Nell’anno di debutto del terzo Millennio, l’Unione europea - prima nella capitale portoghese (Report, La società della conoscenza), poi nella capitale belga (Report, La formazione permanente) - ha alzato verso il cielo del Ventunesimo secolo due Mongolfiere: l’una, in volo verso l’Orsa/ maggiore della Conoscenza; l’altra, in volo verso l’Orsa/minore della Formazione. Con la consegna, ai quindici Paesi dell’Unione, di darsi teneramente la mano nel girotondo lassù nella volta celeste del vecchio Continente.
Dunque, il Duemila guarda con il naso all’insù due astronavi sulla cui scia di coda stanno scritte al maiuscolo una promessa e una profezia.
La promessa. Intendono indicare al Pianeta la strada maestra che porta al traguardo dello sviluppo economico, sociale e umano sia nell’emisfero boreale (i Paesi del benessere), sia nell’emisfero australe (i Paesi della povertà).
La profezia. Intendono indicare al Pianeta la strada maestra che porta all’avvento di un mondo/nuovo: più giusto, più alfabetizzato, più solidale, più pacifico. Possibile, a patto di investire senza risparmio - nel sud come nel nord della Terra - su un’istruzione alla portata di tutti: diffusa e di lunga durata.

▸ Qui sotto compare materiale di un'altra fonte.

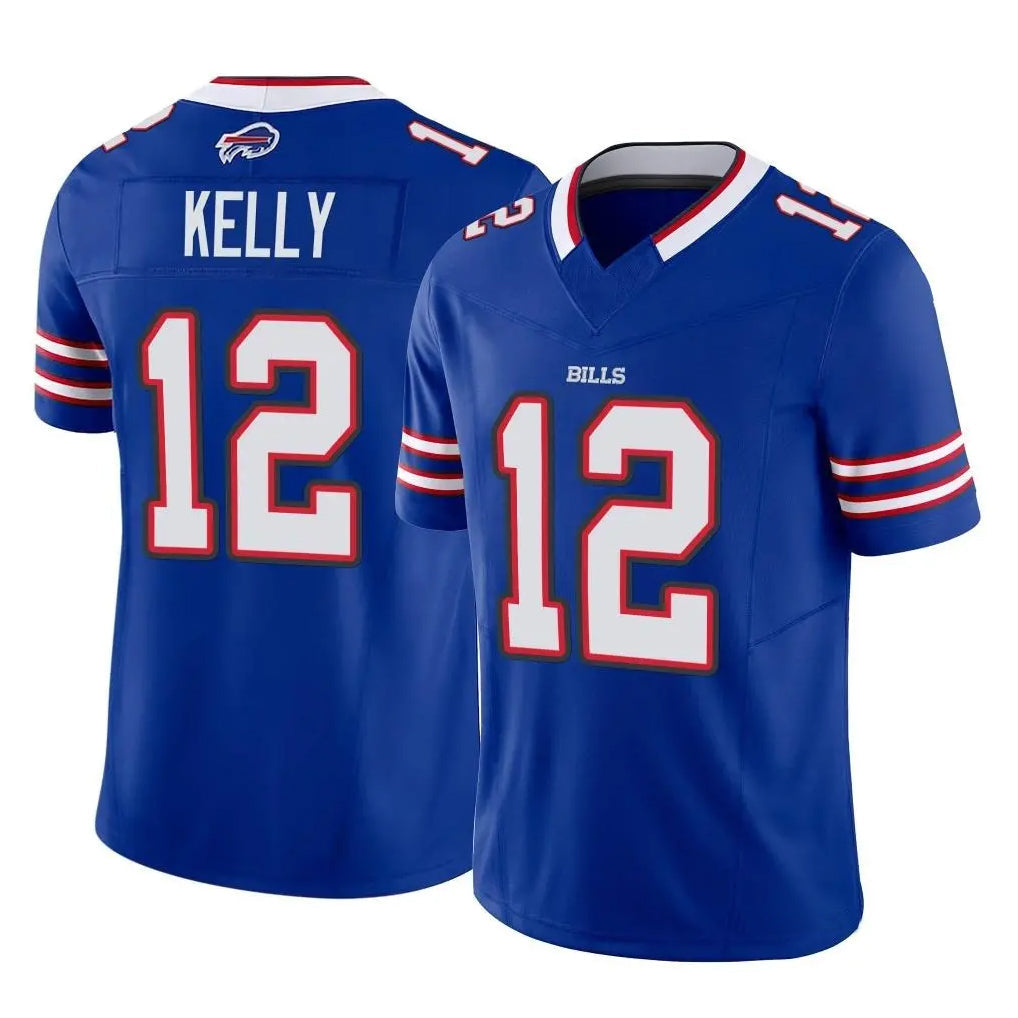 Kieara B.Bills #12 Jim Kelly Player Royal Vapor F.U.S.E. Limited Home Game Stitched Jerseys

Sfogliamo alcune luminose pagine dei Report continentali.
IL DOCUMENTO DI LISBONA. - Il primo Report/2000 recita questa liturgica preghiera: assicurare ali larghe e democratiche alla Conoscenza di cui tanto necessita il mondo contemporaneo. In proposito, dichiara a voce alta un sì e un no.
Il sì dà volo e cielo alla Mongolfiera che sale verso l’alto dando vento alla bandiera culturale della testa-ben-fatta: dotata di mente/plurale, di libertà di pensiero, di originalità intellettuale, di logiche di confutazione e di dissenso.
Il no blocca a terra, senza vita, la Mongolfiera che espone la bandiera inerme della testa/piena di informazioni, di schegge cognitive: capace soltanto di conformismo intellettuale, di consenso e di signorsì.
IL DOCUMENTO DI BRUXELLES. - Il secondo Report/2000 recita questa liturgica preghiera: assicurare occhi grandi e profondi alla Formazione. Traguardo possibile allargando il suo compasso culturale anche alla stagione post-scolastica: adulta e senile. Come dire, nella capitale belga si convalida il primato formativo delle teste-ben-fatte e si auspica che il suo orologio possa rintoccare lungo tutte le stagioni della vita.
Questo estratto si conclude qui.